TASK PROMPT:
Taking only the lines of the data below from the line with "8 Pcs Large" to the line with "Only Brown Mens Hoodie & SONS Les - Men Cene", ends included, write them out exactly and without pictures.

EXCERPTED RECORDS:

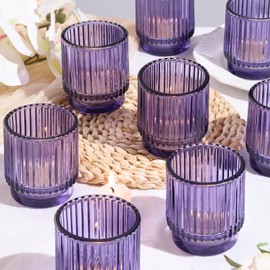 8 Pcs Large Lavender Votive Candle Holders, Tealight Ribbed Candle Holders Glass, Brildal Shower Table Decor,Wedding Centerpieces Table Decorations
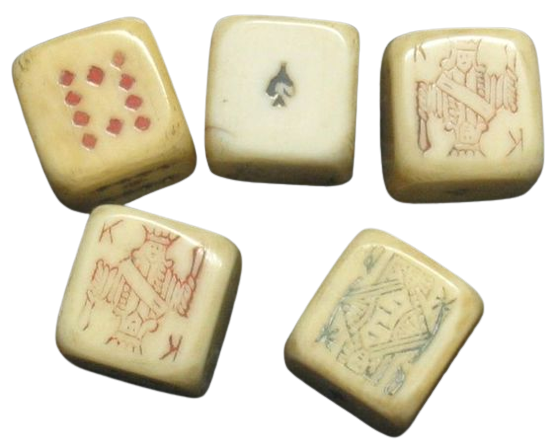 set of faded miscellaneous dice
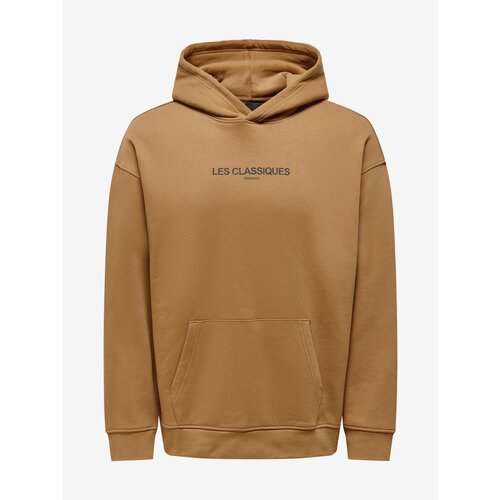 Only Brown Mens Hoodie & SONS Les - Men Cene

--

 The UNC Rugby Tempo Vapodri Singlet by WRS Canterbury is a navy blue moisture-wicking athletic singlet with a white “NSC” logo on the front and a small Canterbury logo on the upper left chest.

...

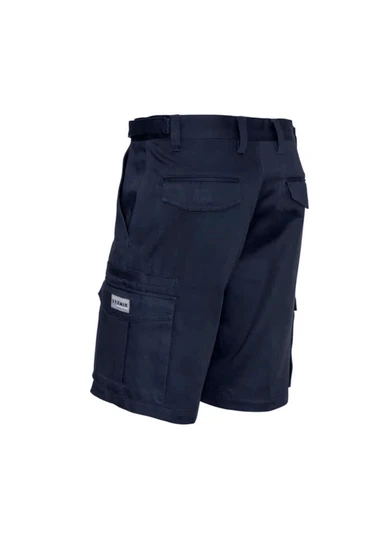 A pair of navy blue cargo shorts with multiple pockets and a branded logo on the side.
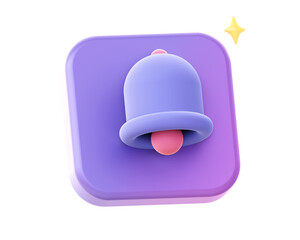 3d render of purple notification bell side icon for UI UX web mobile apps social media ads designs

EXPECTED ANSWER:
 8 Pcs Large Lavender Votive Candle Holders, Tealight Ribbed Candle Holders Glass, Brildal Shower Table Decor,Wedding Centerpieces Table Decorations
 set of faded miscellaneous dice
 Only Brown Mens Hoodie & SONS Les - Men Cene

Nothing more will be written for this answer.